Mentre in Europa i prezzi al consumo della frutta sono diminuiti del 5% negli ultimi mesi, in Italia sono scesi solamente di un timido 2%. Intanto, quelli alla produzione per gli stessi prodotti sono crollati del 40%. È fra questi tre numeri che si giocano le sorti dell'ortofrutta italiana.

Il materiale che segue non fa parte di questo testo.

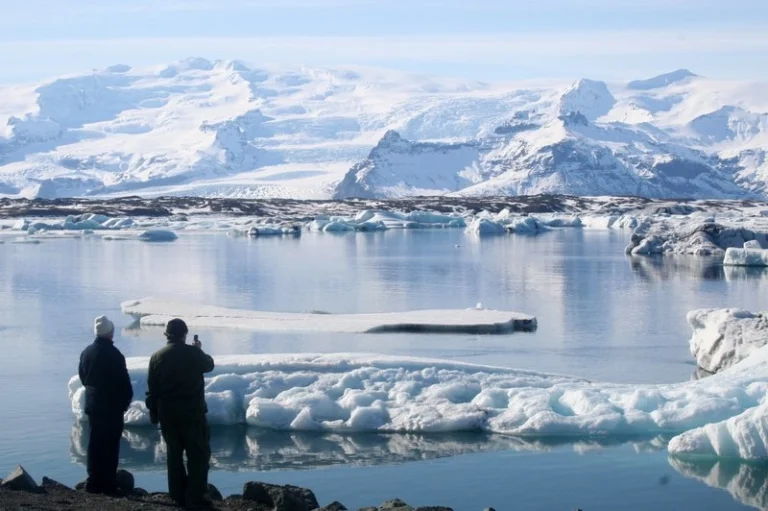 GJ-21-Jokulsarlon-enjoy-the-view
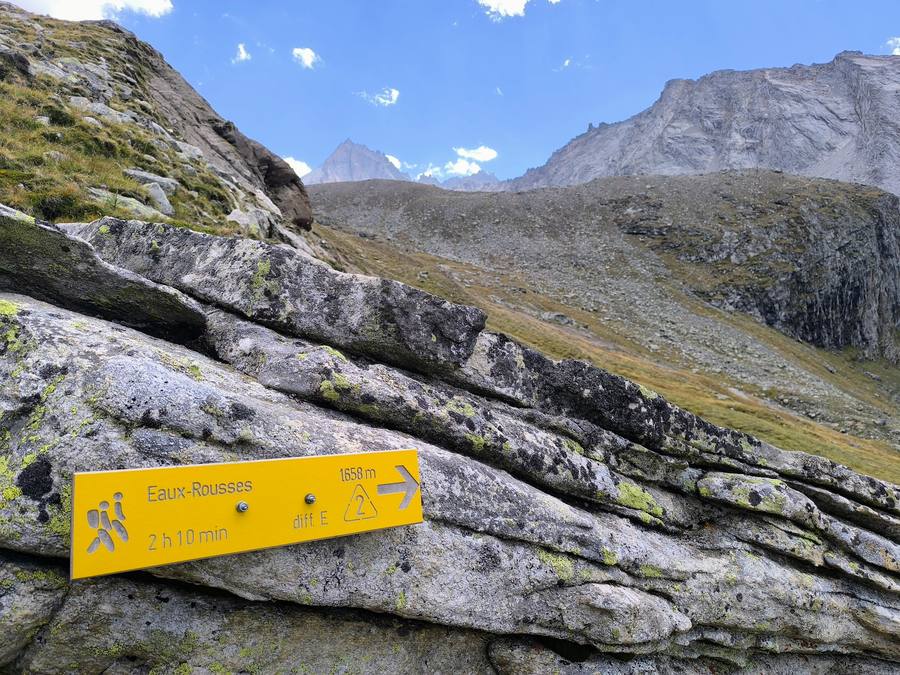 Hiking trail sign to Eaux-Rousses on the Gran Paradiso hiking tour in Italy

A puntare il dito sulla situazione di uno dei settori che una volta costituiva la punta di diamante dell'agroalimentare del nostro Paese, è stata Fedegari-Concooperative, che in una nota ha sciorinato un ragionamento che non lascia scampo. Per la frutta, a drastiche riduzioni nelle quotazioni all'origine, si sono contrapposti cali di appena qualche punto percentuale nei prezzi finali di vendita. I conti sono presto fatti: rispetto alla media comunitaria, l'Italia registra per la frutta un calo delle quotazioni significativamente più contenuto e meno rilevante rispetto agli altri Paesi produttori, prima di tutto la Francia che ha avuto un decremento addirittura del 12,4%. Per gli ortaggi la dinamica dei prezzi al consumo evidenzia un trend analogo, seppur più intenso.

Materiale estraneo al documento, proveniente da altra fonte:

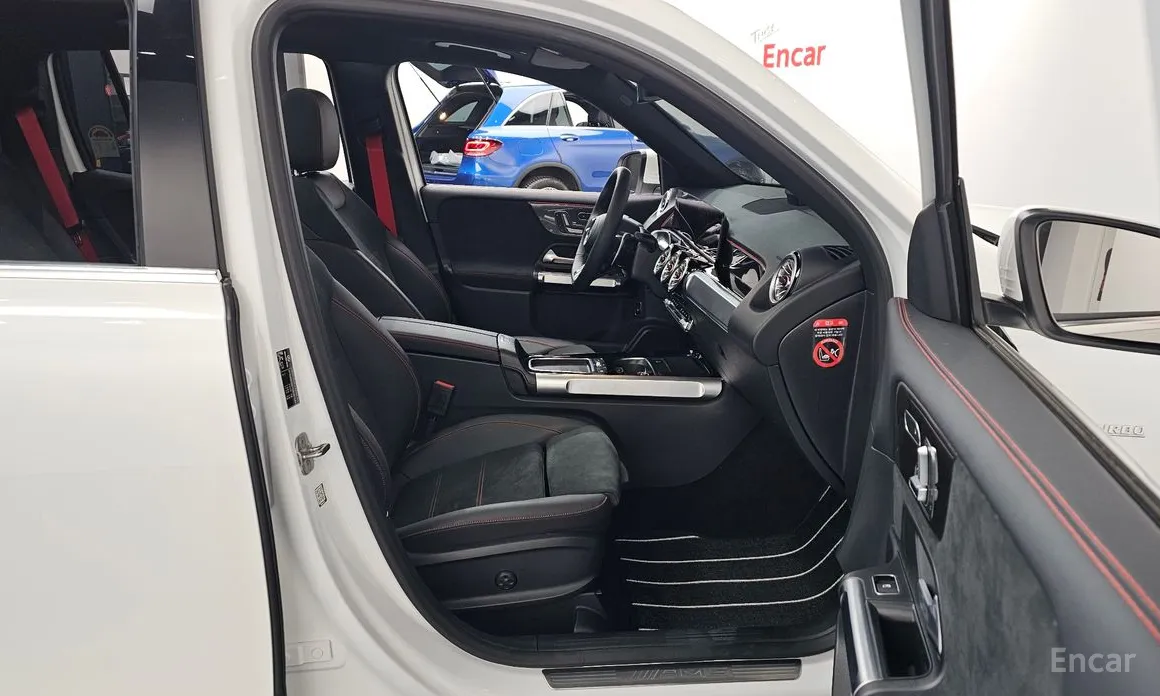 Mercedes-Benz GLB-Class 2020 AMG GLB35 4MATIC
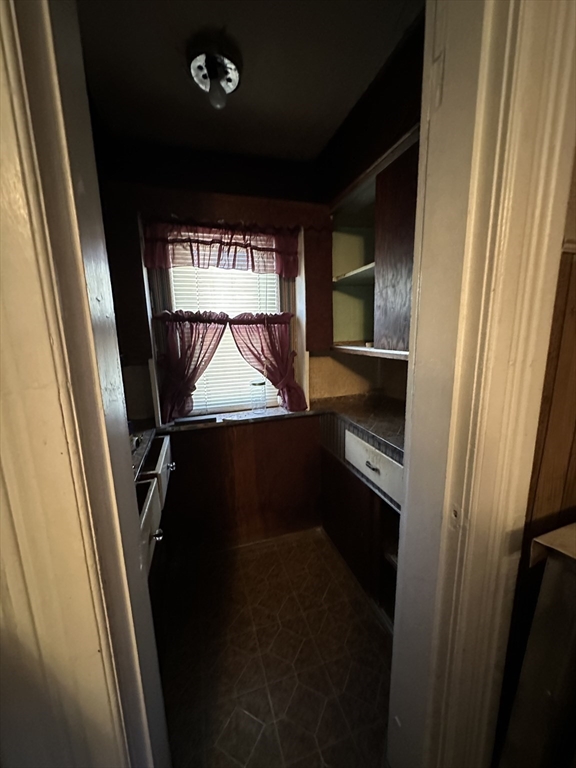 9 Prince Street Springfield, MA 01109 - Photo 11 of 18 a room with window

Tra aprile ed agosto di quest'anno, a livello comunitario il calo è stato ancora più accentuato (-12% di media europea e -14% in Francia). Anche in questo caso, l'Italia ha evidenziato una sostanziale tenuta dei prezzi di vendita al dettaglio, segnalando un calo di appena -1,8%. Qual è la morale di tutto ciò?

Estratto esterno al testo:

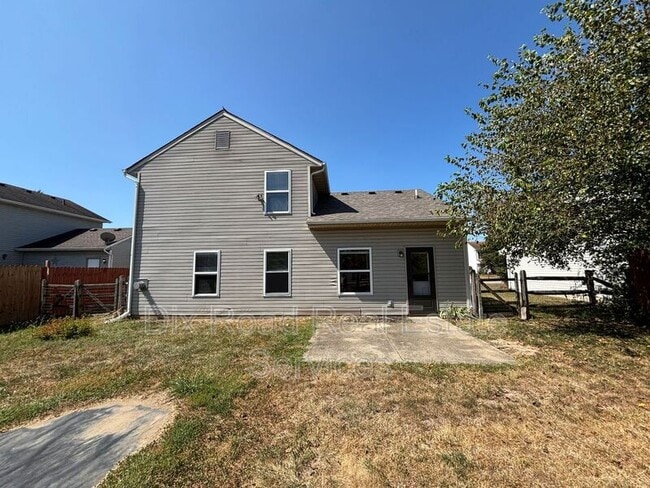 Building Photo - 590 Pine Hill Pl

Secondo Confcooperative è semplice: la sostanziale tenuta dei prezzi di frutta e ortaggi pagati dal consumatore finale non sembra riconducibile alla dinamica delle materie prime agricole. Anzi, se fosse così, i prezzi finali sarebbero dovuti scendere notevolmente. È ovvio, quindi, che i produttori agricoli delle cooperative " ma la posizione è comune per tutto il comparto " guardano ad «altre componenti che entrano in gioco nel percorso che porta alla formazione del prezzo al consumo: i costi di intermediazione, quelli dell'energia e dei servizi connessi, i costi sostenuti nelle fasi più a valle della filiera e i margini di profitto dei diversi operatori». Che, detto in altre parole, significa addebitare la forbice dei prezzi all'inefficienza generale delle filiere e al grande spazio che hanno determinati attori di queste oppure al ruolo minimo che hanno i produttori. Basta pensare, da questo punto di vista, che il grado di concentrazione dell'offerta produttiva del settore nel nostro Paese è ancora basso se raffrontato con altri Paesi europei e soprattutto con la relativa concentrazione della distribuzione moderna. Confcooperative fa notare che nel mercato Nord-Europeo, dove vengono indirizzate la gran parte delle esportazioni di frutta italiana, le catene distributive della Gdo commercializzano tra il 70% e il 90% del volume totale delle vendite di ortofrutticoli freschi. A fronte di tale concentrazione, le organizzazione dei produttori presenti in Italia arrivano a malapena ad aggregare il 40% dell'intera produzione frutticola e meno del 30% di quella orticola.